Watson argues that NRCP 11 supersedes NRS 7.085 because
NRS 7.085 is a procedural statute last amended in 2003 and NRCP 11 is a
procedural rule that was materially amended in 2004. According to
Watson, NRCP 11's 2004 amendment added safe harbor rules that
supersede NRS 7.085, such that the statute (1) is now totally superseded
by NRCP 11, or (2) at least incorporates NRCP 11's safe harbor provisions.
NRCP 11's safe harbor provisions prevent attorneys from being sanctioned
until they have the opportunity to cure the sanctionable conduct or appear
at an order to show cause hearing.
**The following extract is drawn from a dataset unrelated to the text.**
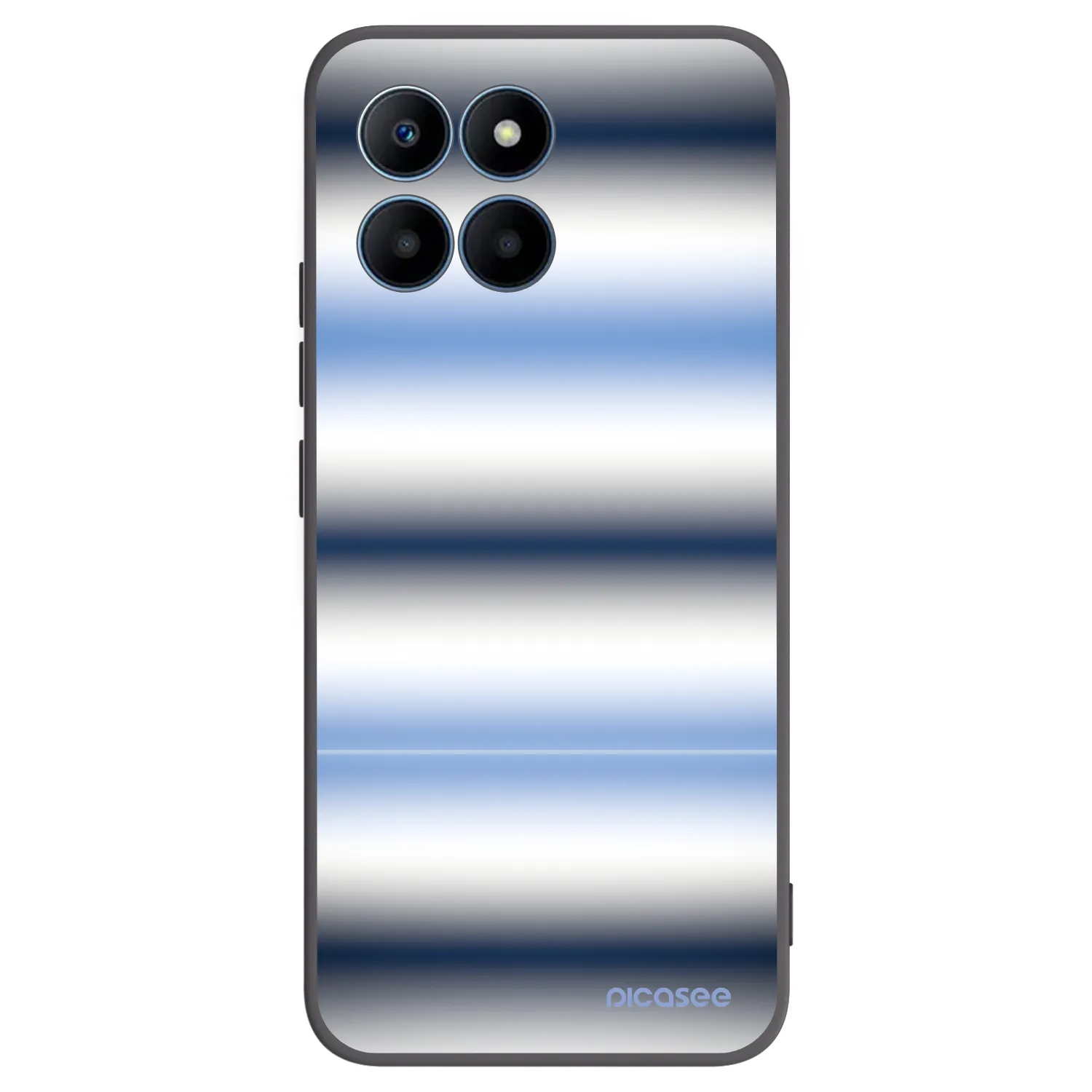 Picasee crna silikonska maskica za Honor 70 Lite - Static Lines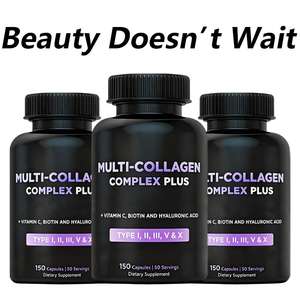 Capsules de collagène marin Super Glut OEM en marque blanche pour l'éclat et l'anti-âge, enrichies en vitamines, pour adultes - Product Image 1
NRCP 11(c). We reject Watson's
argument.
Watson relies on State v. Connery, 99 Nev. 342, 661 P.2d 1298
(1983), to support its position that procedural rules supersede conflicting
procedural statutes when the rule is enacted after the statute. In
Connery, the issue was whether the time for appeal was governed by (1) a
statute requiring appeal within 30 days of a district court's oral
pronouncement of an order, or (2) a later-enacted appellate rule requiring
appeal within 30 days of the district court's entry of a written order. Id. at
344, 661 P.2d at 1299. This court held that the subsequently enacted
procedural rule superseded the statute. Id. at 345-46, 661 P.2d at 1300.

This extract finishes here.